Último líder e ao mesmo tempo liquidante do comunismo, Mikhail Gorbatchov evoca a imagem mítica de Jano, o deus das duas faces: uma voltada para o passado e a outra projetada para um futuro que dá cada vez mais as costas para aquele passado. É essa a impressão que se tem folheando as suas "Reflexões sobre a Revolução de Outubro" (título da edição italiana, que será lançada em 18 de novembro).
Segundo o último secretário do Partido Comunista da União Soviética (PCUS), a revolução era inevitável.
Mas ela não foi somente uma reação à sociedade semifeudal, arcaica, que os "antagonismos de classe tinham levado a um estado de crise permanente". Pelo contrário, nos primeiros quinze anos deste século, a Rússia tinha passado por um "milagre", diz Gorbatchov: a economia tinha superado a do Ocidente, floresciam a cooperação, a instrução, as artes.

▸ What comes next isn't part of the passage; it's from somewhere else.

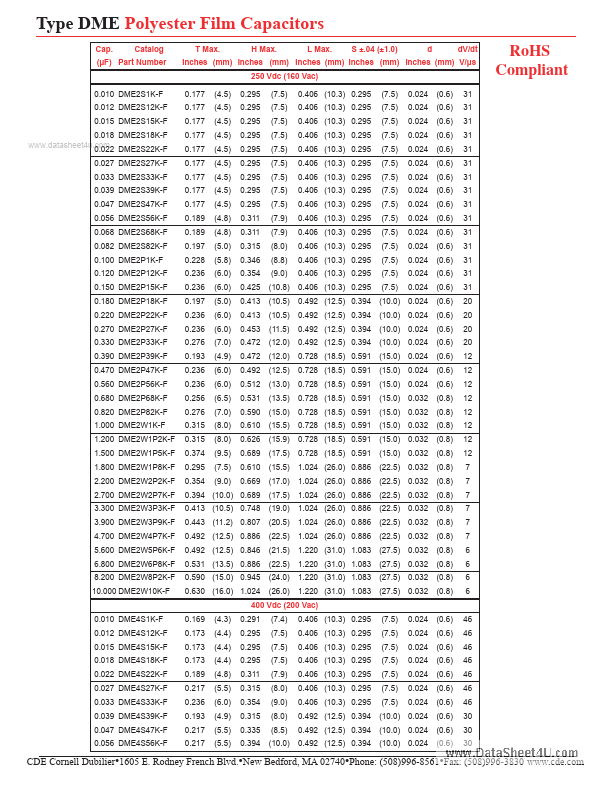 DME2P1K-F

Partidos e eleições começavam a entrar na consciência da população.
A experiência da história, porém, "ensina que, quando as transformações estão maduras e o poder não é capaz de administrá-las, ou a sociedade apodrece ou ela se revoluciona".
Ares democráticos
Assim Gorbatchov parece querer desmentir o lugar-comum segundo o qual a Rússia nunca respirou ares de democracia.
Ele dá muita importância ainda à revolução de fevereiro de 1917, que derrubou o czar Nicolau 2º: "tornou-se o prenúncio da liberdade", "por um breve período, a Rússia se tornou o mais livre dos países em guerra".

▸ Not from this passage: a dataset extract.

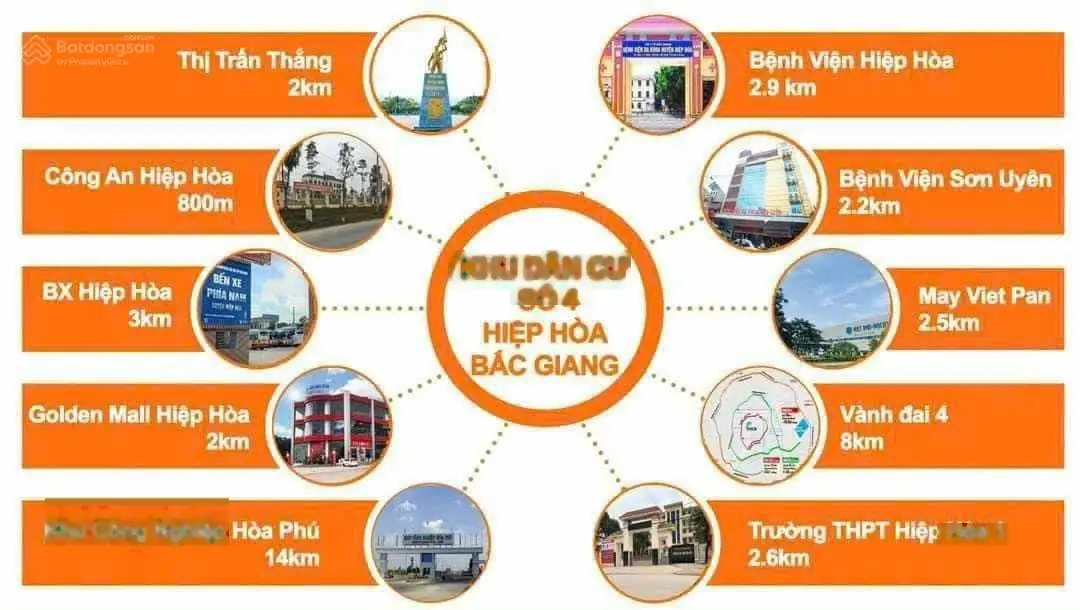 Đấu giá khu dân cư số 4 - TT Thắng - Hiệp Hoà - BG giá F0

Parece até que Gorbatchov procura, na história russa, pontos de referência para a experiência democrática que ele iniciaria nos anos 80: o pré-guerra, fevereiro, ou mesmo os tempos de Lênin, quando, a seu ver, "no partido se conservavam ainda fortes tradições democráticas" e os anais dos congressos continham "ásperas discussões, com votações verdadeiras nos momentos de decisões".
Gorbatchov acha Outubro inevitável, mas rejeita a idéia da revolução e a fórmula de Marx, segundo a qual "as revoluções são a locomotiva da história". Ele a rejeita como "meio de resolver os problemas" e adverte: "Depois da revolução ocorrem sempre períodos de refluxo. A palavra Termidor entrou no léxico científico e político".
Com a diferença que o Termidor da Revolução Francesa (a execução de Robespierre, em 1794) pôs fim ao terror, enquanto que o soviético marcou o início do terror stalinista.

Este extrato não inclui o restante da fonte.